Au deuxième siècle, Rabbi Akiba – l’un des architectes les plus importants du judaïsme rabbinique – soutint que Lévitique 19:18 « Aime ton prochain comme toi-même », l’un des versets de la lecture de la Torah de cette semaine – contient la plupart des valeurs et des principes du judaïsme.
Curieusement, par exemple, on peut rencontrer dans des lieux publics, des militants juifs insistant sur l’importance de pratiquer certaines mitsvot telles que mettre des téfilines, agiter le loulav ou allumer des bougies. Il serait difficile, voire impossible, de trouver ces mêmes militants exhortant les autres Juifs à pratiquer l’amour pour les autres.
Il y a quelques années, Joseph R. Rackman écrivait dans la « Revue juive »:
« La mesure d’une Ba’al Techouva, une « personne de retour » au judaïsme, est mesurée par des observances rituelles, par exemple: a-t-il cessé d’utiliser l’électricité le sabbat? Les questions qui devraient également être posées sont les suivantes : Traitez-vous votre secrétaire avec dignité? Quand une personne vient vous solliciter pour une œuvre de charité, la traitez-vous avec courtoisie et reconnaissez-vous qu’il est plus difficile de demander que de donner? Refusez-vous de parler mal de quelqu’un? Êtes-vous honnête dans votre entreprise?”

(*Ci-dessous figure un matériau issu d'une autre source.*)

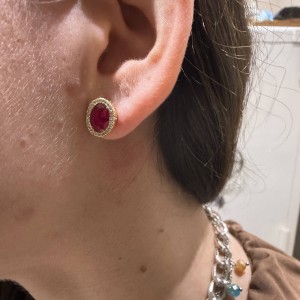 14K gold stud earrings with red stone and zircon details
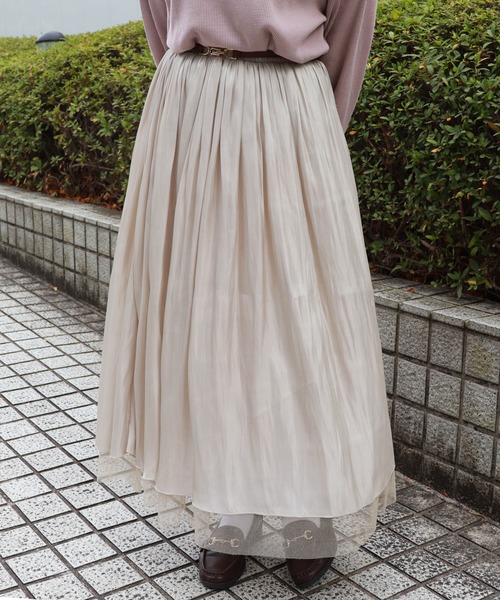 PairPair（ペアペア）の「チュール×シャイニー２WAYスカート（スカート・レディース・ベージュ/ライトグリーン/モカ・FREE）」の4枚目の写真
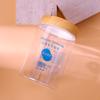 9*14pet transparente sellado redondo grado alimenticio empaque tapa imitación madera caja almacenamiento muñecas botella plástico botella cuidado de la salud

L’argument, sinon l’excuse, pour laquelle le commandement « Aime ton prochain comme toi-même » n’est pas aussi prédominant que Rabbi Akiva voudrait que nous l’ayons, tourne généralement autour fait qu’il s’agit d’un déclaration très abstraite.
Soyons réalistes. L’amour n’est pas juste une de ces choses que peu d’entre nous savent exprimer, comment est-il possible, en tout cas, de faire régner une émotion?

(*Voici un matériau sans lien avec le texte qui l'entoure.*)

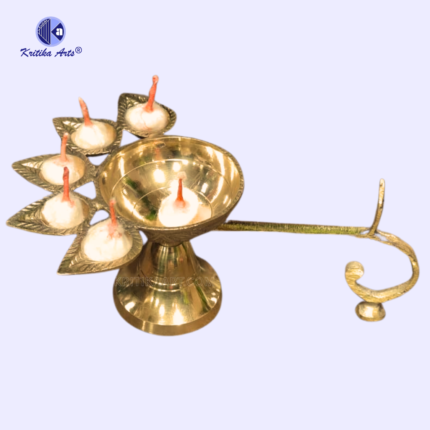Panch Aarti Panch Mukhi Brass Deepak for Hindu Puja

De manière significative, cependant, la Torah elle-même enseigne que le réfugié est « aimé » en lui fournissant nourriture et abri. Cela signifie que « amour » est le nom qui peut également être donné à certains comportements et pas seulement à une émotion.
Les premières versions de la Torah en araméen traduisaient déjà le verset par « tu montreras de la compassion » au lieu de « tu aimeras ».

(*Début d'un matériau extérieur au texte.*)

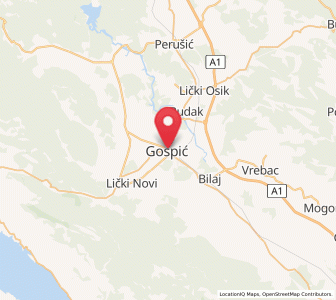 Map of Gospić, County of Lika-Senj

Dans les Écritures hébraïques, « aimer » souvent signifie être serviable, loyal, apporter un soutien concret. La rareté de ces comportements peut être en grande partie à l’origine de nombreux maux qui affectent notre monde: la xénophobie, l’hypernationalisme et même le nombre de politiciens puissants qui jettent des millions de personnes dans la misère.
La nécessité de sauver de la vacuité sinon de la négligence une des plus importantes « mitzvahs » du judaïsme, en la rendant opérationnelle par le biais d’applications concrètes, devrait être la première priorité de notre génération, pas la seconde.
Gardons à l’esprit qu’une société qui ne fait que se regarder elle-même n’est pas seulement responsable des maux qui l’affectent. C’est une société qui a perdu tout intérêt pour l’avenir, c’est-à-dire pour nos enfants et petits-enfants.